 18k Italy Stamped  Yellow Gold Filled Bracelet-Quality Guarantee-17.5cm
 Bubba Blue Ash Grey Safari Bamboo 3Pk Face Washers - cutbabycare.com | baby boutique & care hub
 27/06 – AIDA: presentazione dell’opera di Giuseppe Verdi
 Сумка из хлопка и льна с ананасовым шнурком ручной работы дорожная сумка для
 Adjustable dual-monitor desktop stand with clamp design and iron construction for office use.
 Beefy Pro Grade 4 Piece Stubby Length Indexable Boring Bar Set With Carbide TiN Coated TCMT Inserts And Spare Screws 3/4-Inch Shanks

=======

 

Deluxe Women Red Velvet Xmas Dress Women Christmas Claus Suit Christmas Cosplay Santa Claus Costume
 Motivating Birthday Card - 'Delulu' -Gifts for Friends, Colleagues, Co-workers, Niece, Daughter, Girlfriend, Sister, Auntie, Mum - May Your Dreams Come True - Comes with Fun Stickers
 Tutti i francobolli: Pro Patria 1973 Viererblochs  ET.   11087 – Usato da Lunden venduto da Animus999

=======

• _DIRECTIONS_: The entries above hold a line with "18k Italy Stamped" and a later line with "Adjustable dual-monitor desktop". Write out exactly those lines and all lines between, nothing more.

• _RESPONSE FOR THIS EXERCISE_:
 18k Italy Stamped  Yellow Gold Filled Bracelet-Quality Guarantee-17.5cm
 Bubba Blue Ash Grey Safari Bamboo 3Pk Face Washers - cutbabycare.com | baby boutique & care hub
 27/06 – AIDA: presentazione dell’opera di Giuseppe Verdi
 Сумка из хлопка и льна с ананасовым шнурком ручной работы дорожная сумка для
 Adjustable dual-monitor desktop stand with clamp design and iron construction for office use.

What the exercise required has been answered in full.